Common span_type values: AGENT, TOOL, LLM, RETRIEVER, JUDGE, EMBEDDING. Align names with your team's conventions so traces stay searchable across services.
For complete decorator and async tracing examples, see: references/tracing-patterns.md.
For the 20+ mlflow.<library>.autolog() integrations (OpenAI, Anthropic, Mistral, LangChain, LangGraph, LlamaIndex, DSPy, LiteLLM, etc.), the multi-framework combine snippet, and the serverless-compute caveat (autolog is not auto-enabled), see references/autolog-integrations.md.
Manual span creation
For fine-grained control (nested work units, partial inputs/outputs, retries), use mlflow.start_span. This pattern matches how the optimizer wraps LLM calls.
For complex tracing, open a span with span_type=SpanType.CHAIN, set inputs before the call, record token usage, and set outputs on success or failure — including retry events via SpanEvent.

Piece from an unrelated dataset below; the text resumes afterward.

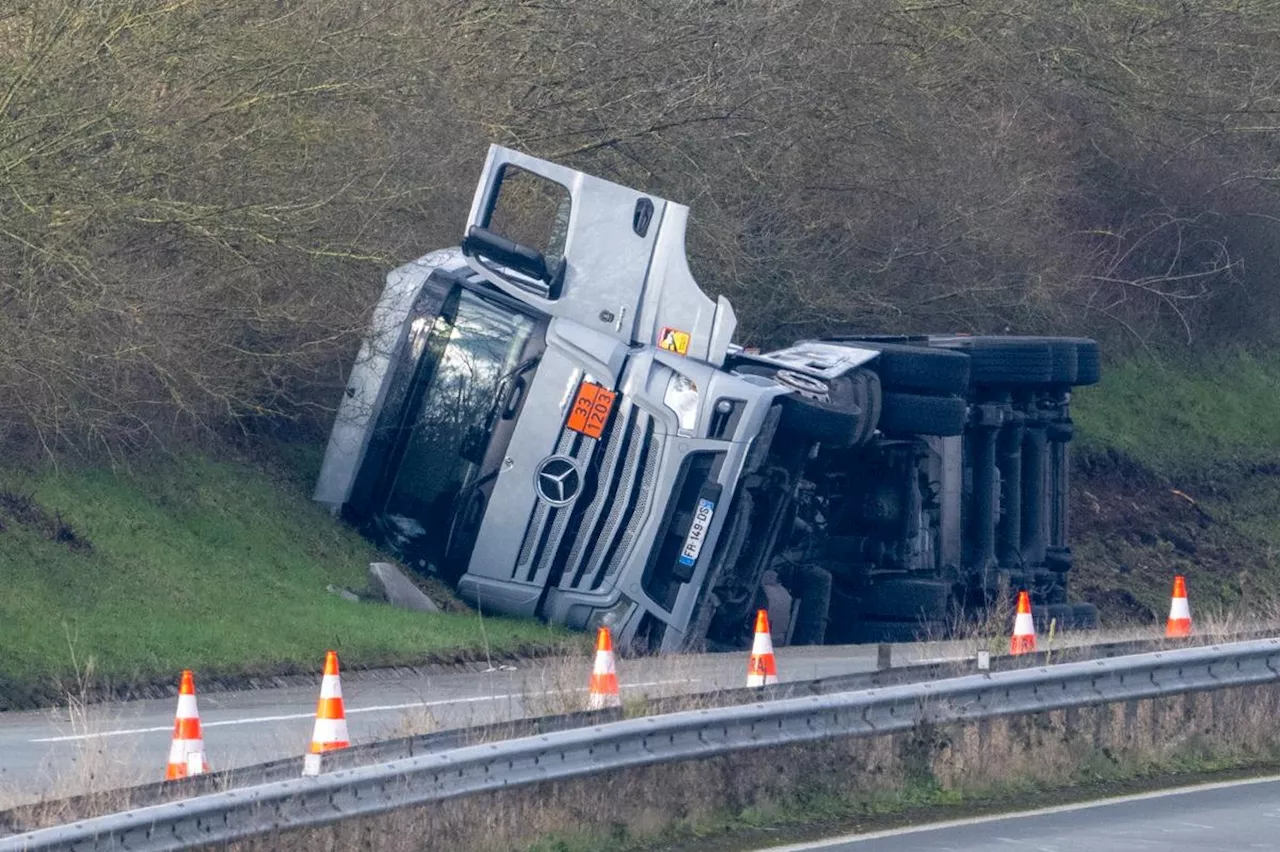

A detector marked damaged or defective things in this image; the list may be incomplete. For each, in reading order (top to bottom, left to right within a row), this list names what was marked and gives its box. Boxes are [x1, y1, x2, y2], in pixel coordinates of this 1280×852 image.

overturned mercedes truck [312, 146, 1104, 652]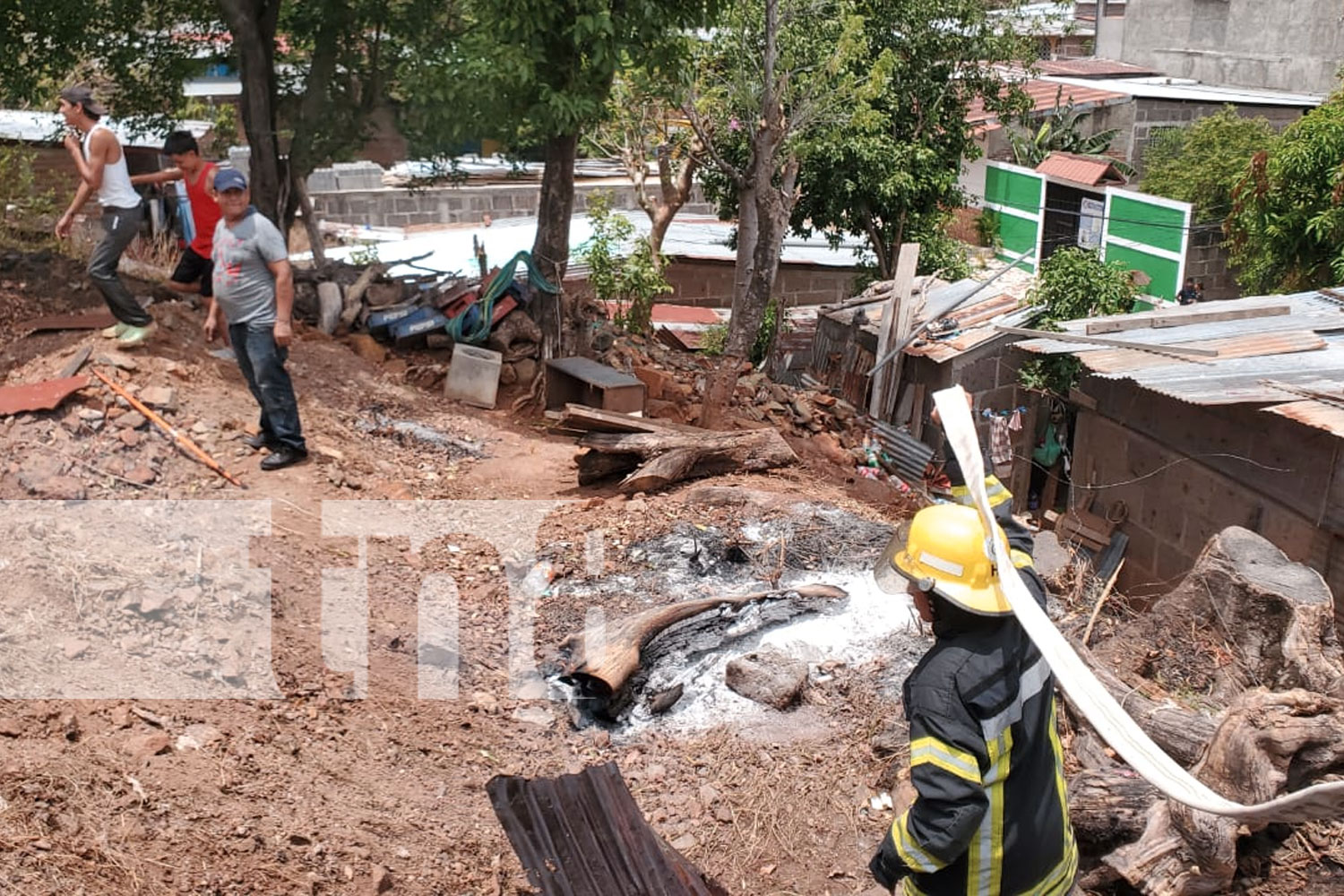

Illustrative nested pattern (same structural idea: parent span, child LLM span, explicit inputs/outputs):
import mlflow
def run_optimization_step(query, context):
with mlflow.start_span(name="optimization_step") as span:
span.set_inputs({"query": query})
with mlflow.start_span(name="strategist_call", span_type="LLM") as llm_span:
llm_span.set_inputs({"prompt": formatted_prompt})
result = call_llm(formatted_prompt)
llm_span.set_outputs({"response": result})
span.set_outputs({"result": result})
return result
In production code you may prefer from mlflow.entities import SpanType and types such as SpanType.CHAIN for LLM orchestration spans, consistent with _traced_llm_call.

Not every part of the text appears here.